**DIRECTIONS**. A faithful copy is needed of the lines below from the one with "吳冠中《小桃紅》<br>作於" up to and including the one with "Dulap de baie"; set it down with no pictures and no other lines.
RECORDS TO USE START
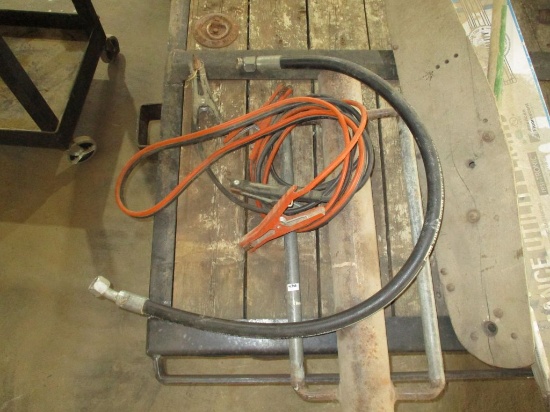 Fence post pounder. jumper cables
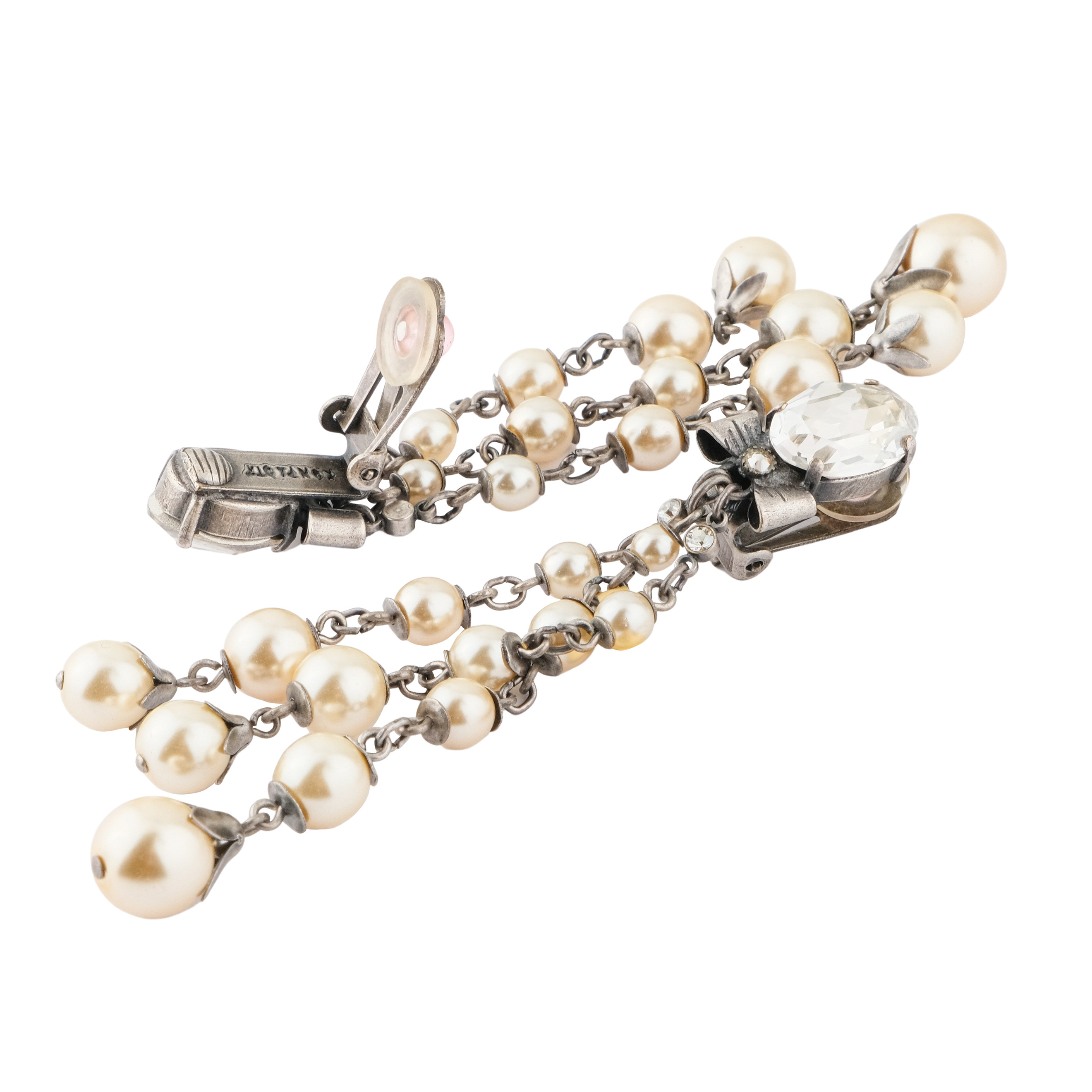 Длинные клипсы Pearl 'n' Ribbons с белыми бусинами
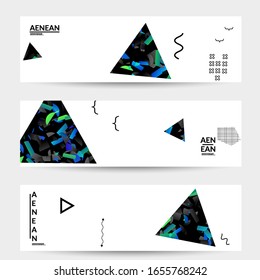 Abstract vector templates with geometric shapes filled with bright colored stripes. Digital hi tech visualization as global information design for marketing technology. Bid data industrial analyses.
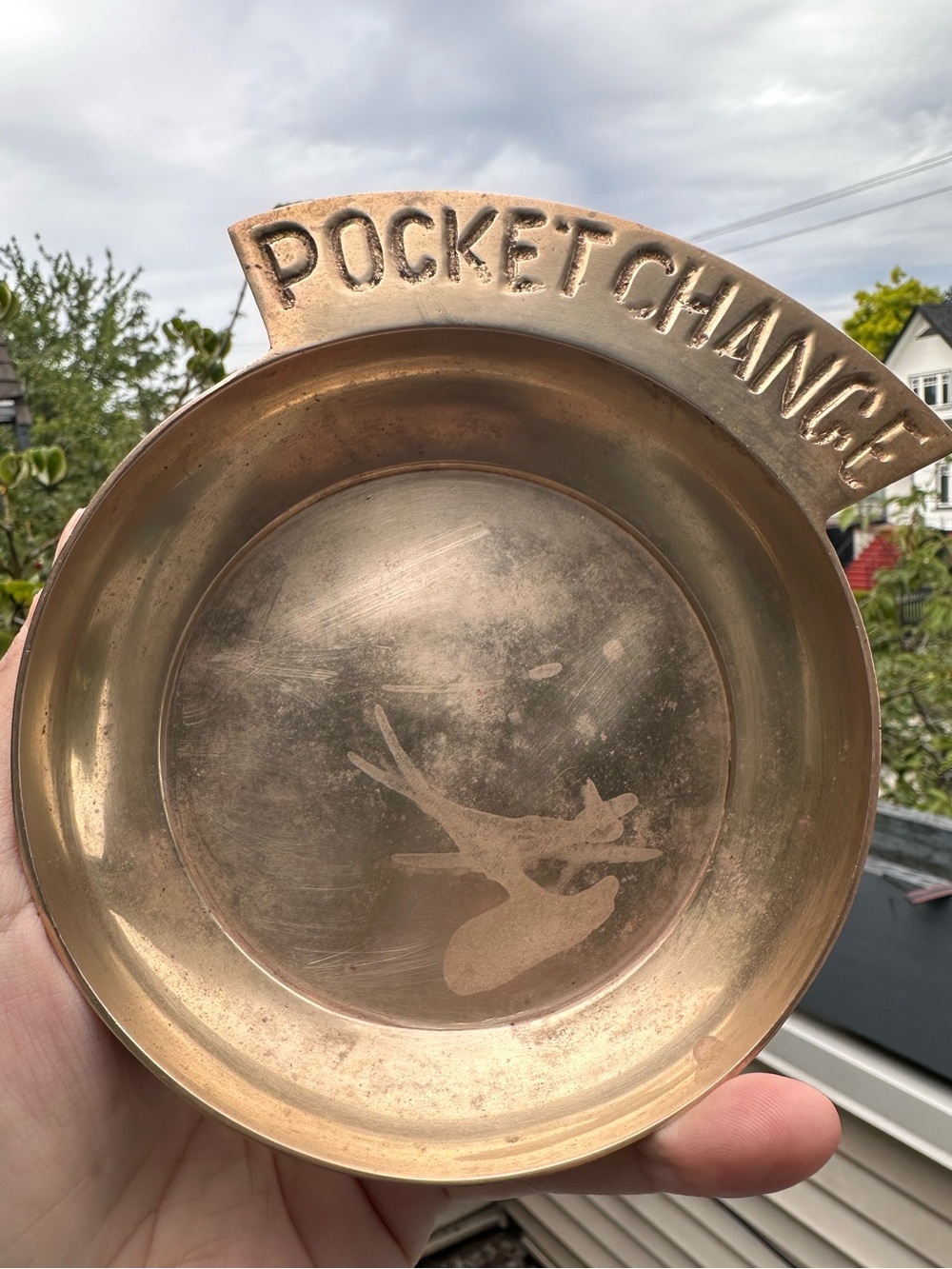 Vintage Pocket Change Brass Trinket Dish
RECORDS TO USE END
RECORDS TO USE START
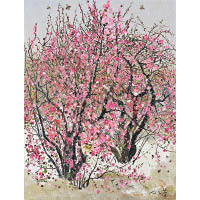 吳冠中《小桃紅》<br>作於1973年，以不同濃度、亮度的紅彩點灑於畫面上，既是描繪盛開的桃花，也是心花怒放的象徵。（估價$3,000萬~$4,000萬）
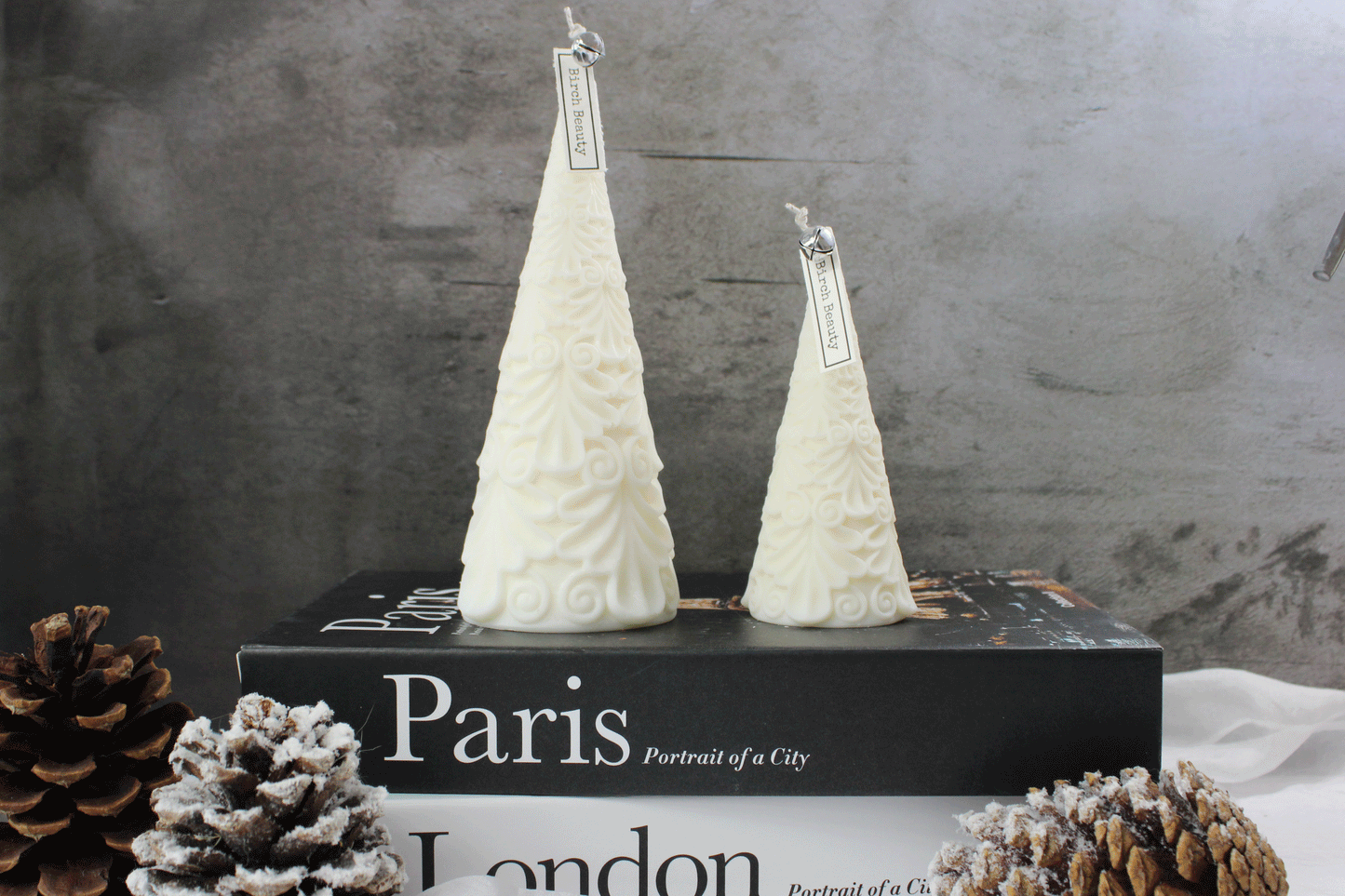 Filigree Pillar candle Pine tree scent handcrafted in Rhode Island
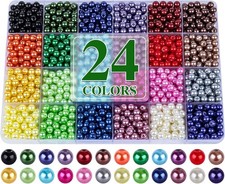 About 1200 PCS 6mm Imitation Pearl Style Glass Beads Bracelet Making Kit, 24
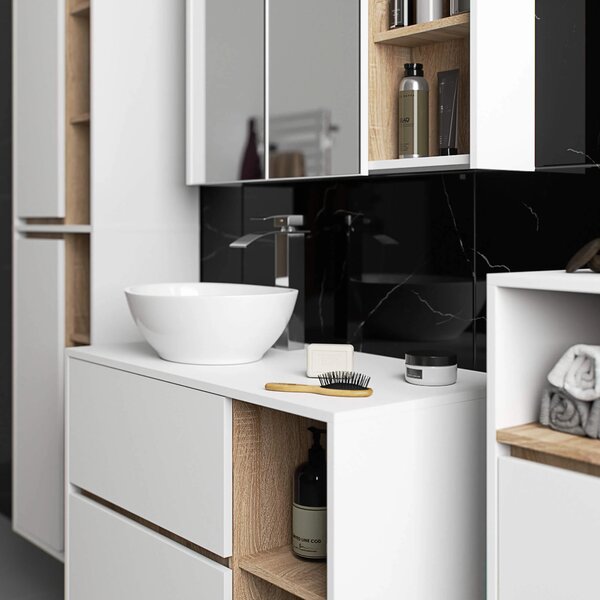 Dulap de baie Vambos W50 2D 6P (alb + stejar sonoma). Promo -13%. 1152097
RECORDS TO USE END
**ANSWER SECTION**.
 吳冠中《小桃紅》<br>作於1973年，以不同濃度、亮度的紅彩點灑於畫面上，既是描繪盛開的桃花，也是心花怒放的象徵。（估價$3,000萬~$4,000萬）
 Filigree Pillar candle Pine tree scent handcrafted in Rhode Island
 About 1200 PCS 6mm Imitation Pearl Style Glass Beads Bracelet Making Kit, 24
 Dulap de baie Vambos W50 2D 6P (alb + stejar sonoma). Promo -13%. 1152097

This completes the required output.